Entry Point: scrapai Script

scrapai Script
#!/usr/bin/env bash
# Auto-activates virtualenv, delegates to CLI
./scrapai crawl bbc_co_uk --project news
The scrapai entry point:
  • Auto-activates the virtual environment (no manual source venv/bin/activate)
  • Delegates commands to the Click-based CLI
  • Handles environment setup and validation

CLI Layer (cli/)

Built with Click, the CLI provides commands for:

Spider Management

spiders list, spiders import, spiders delete

Crawling

crawl <spider> with test mode (--limit) and production mode

Data Access

show <spider>, export <spider> (CSV/JSON/JSONL/Parquet)

Queue Management

queue add, queue bulk, queue list, queue next
CLI Structure
cli/
├── __init__.py        # Main CLI entry point
├── spiders.py         # Spider CRUD commands
├── crawl.py           # Crawl execution
├── data.py            # Show and export commands
├── queue.py           # Batch processing queue
└── inspect.py         # URL inspection tool

Database Layer (core/models.py, core/db.py)

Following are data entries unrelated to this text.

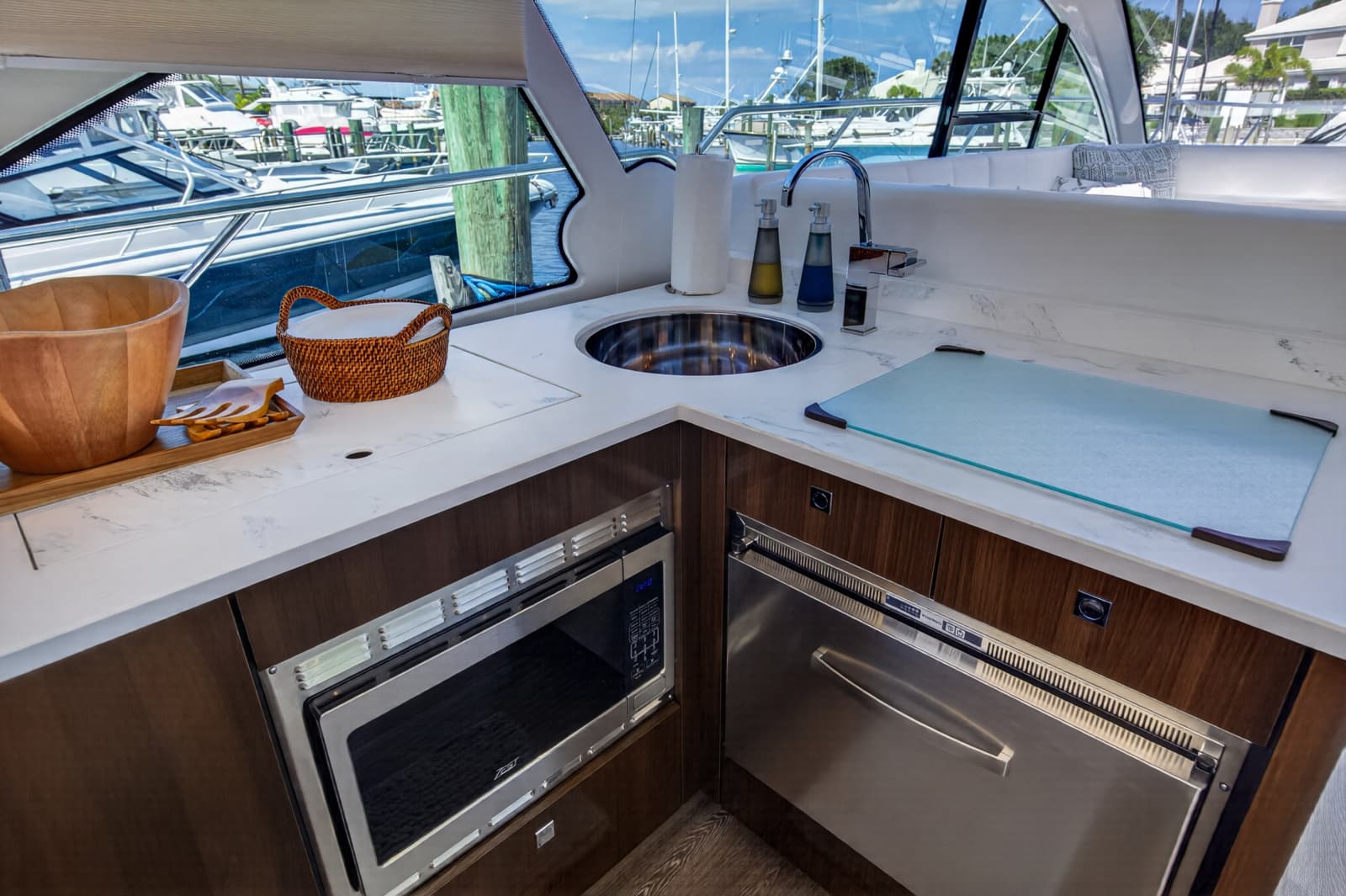 2023 Cruisers Yachts 50 CANTIUS
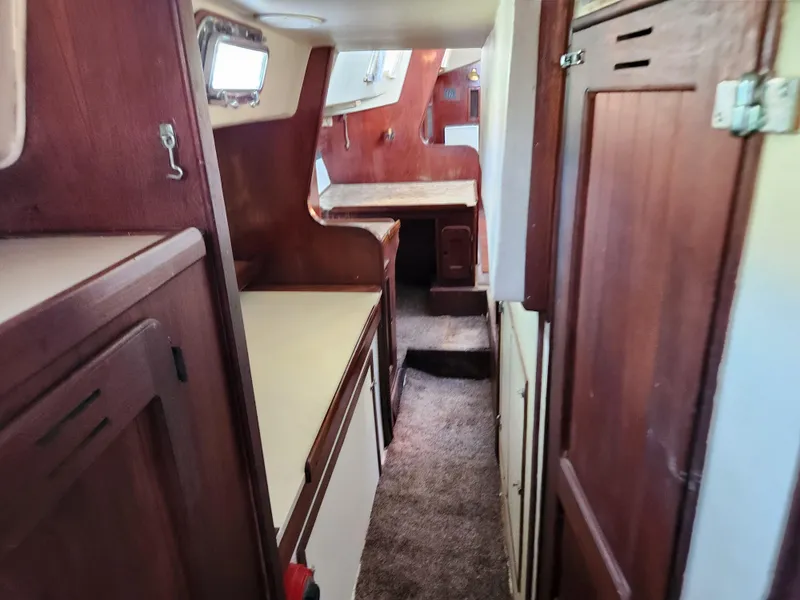 Slide: The Image of Morgan 45 Ketch 1979 - 69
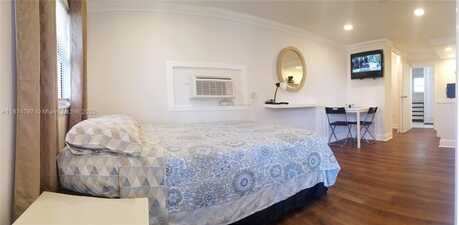 1030 S 62nd Ave, Hollywood, FL 33023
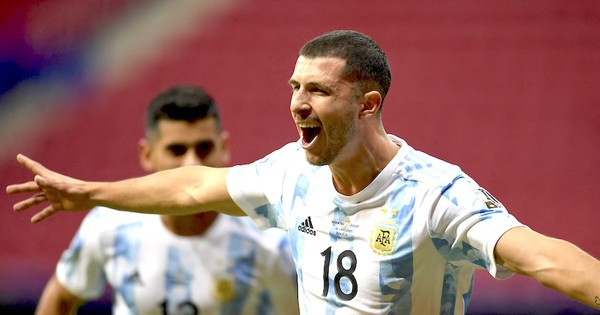 La Nación / Con Messi encendido, Argentina triunfa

ScrapAI uses SQLAlchemy with support for both SQLite (default) and PostgreSQL (production).

Core Models

Spider Model
class Spider(Base):
    __tablename__ = "spiders"
    
    id = Column(Integer, primary_key=True)
    name = Column(String, unique=True, index=True)
    allowed_domains = Column(JSON)  # ["example.com"]
    start_urls = Column(JSON)       # ["https://example.com"]
    source_url = Column(String)     # Original URL provided by user
    active = Column(Boolean)        # Enable/disable without deletion
    project = Column(String)        # Project grouping
    callbacks_config = Column(JSON) # Custom callback definitions
    created_at = Column(DateTime)
    updated_at = Column(DateTime)
    
    # Relationships
    rules = relationship("SpiderRule")
    settings = relationship("SpiderSetting")
    items = relationship("ScrapedItem")
Key Point: Spiders are rows, not files. Adding a website means inserting a row.

Database Configuration

core/db.py
from sqlalchemy import create_engine
from sqlalchemy.orm import sessionmaker

# SQLite (default) or PostgreSQL from .env
DATABASE_URL = os.getenv("DATABASE_URL", "sqlite:///scrapai.db")

engine = create_engine(DATABASE_URL)

# SQLite optimizations
@event.listens_for(engine, "connect")
def set_sqlite_pragma(dbapi_conn, connection_record):
    if "sqlite" in DATABASE_URL:
        cursor = dbapi_conn.cursor()
        cursor.execute("PRAGMA journal_mode=WAL")  # Write-Ahead Logging
        cursor.execute("PRAGMA synchronous=NORMAL")
        cursor.execute("PRAGMA cache_size=-64000")  # 64MB cache
        cursor.close()
SQLite vs PostgreSQL: SQLite is perfect for development and small-scale production. Switch to PostgreSQL for multi-user access or high concurrency.

Spider Layer (spiders/database_spider.py)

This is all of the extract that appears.